October is almost done and It has been a tough few days. The sky is falling. Sleep has been rare lately.
I land early in the day in delhi. The sandpaper flavour of its people makes a red ruin of my sanity. I finish a tough meeting. It goes well but I am hungry, cranky and have too much cortisol in my system.
I need to make a few tough calls. I have been playing excel tetris for days now. The numbers needs to add up but they are not working. It is 3 pm and I am inside a cab. Outside, the hellish Gurgaon landscape plays its depressing dirge. I have had it. I am gonna give up now.
I enter the next destination in the uber app but I am not going to my next meeting. I have decided I am going home and so I do. Home I grew up in decades ago. when the days were sepia and skies blue. I get there after 2 hours. Mom is there. She smiles gently and acknowledges that I am home.

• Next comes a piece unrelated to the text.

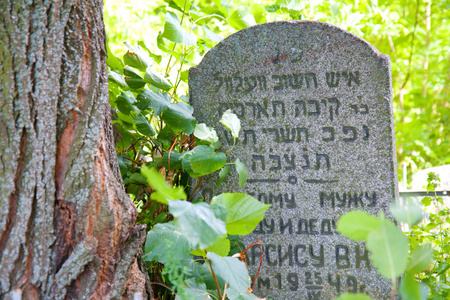 在 berdychiv，乌克兰的老犹太墓地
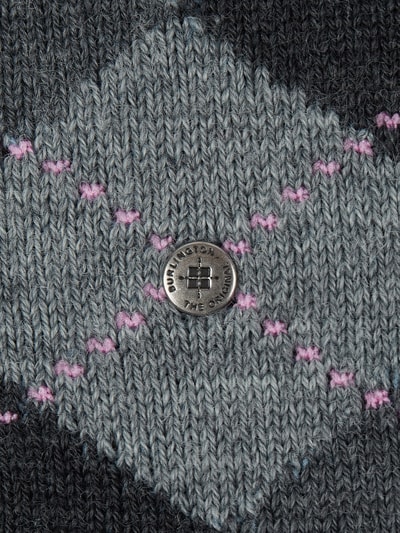 Burlington Socken mit Label-Detail Modell 'WHITBY' Mittelgrau 2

Asks the housekeeper to make me a cup of tea. we sit in silence for a bit.
There really isn’t much me and my mom talk about. we almost never have. She does not understand the world I live in but she knows I know, that I live in it because of her. But as I sip my chai she tells me stories. The cows are giving milk, monkeys come around the evening to destroy her kitchen gardens, the air smells of smoke most mornings. She talks, I listen. I nod along, she keeps talking. She is happy. We both know it.
I am ashamed that it took so little from me to make her happy and it took me so much effort to do so little. I give her a hug. My arms remember a rock, but find a frail frame. She feels smaller. I seek the familiar safety I remember but I find that I am holding the person who once held me. I see in that moment that I am the parent now and she gets to be a child. She keeps talking, I keep nodding. The paddy is being harvested, the lime trees are full of fruit, should she make me kheer, It will be cold soon and her joints ache…
It has been an hour. I have a flight to catch. She hugs me goodbye and I walk back to my cab. I don’t look back. I am leaving home all over again.
I get back to the Excel Tetris. The numbers still don’t make sense. But suddenly they don’t have to. I know what I am going to do. The cortisol haze has lifted and I see the futility of what I was doing. The numbers will never make sense. I just have to change reality around them. Doubt dies.
I am the child who knows mom is watching from the stands. I breathe deep and easy. I will do what it takes and I will sleep well tonight.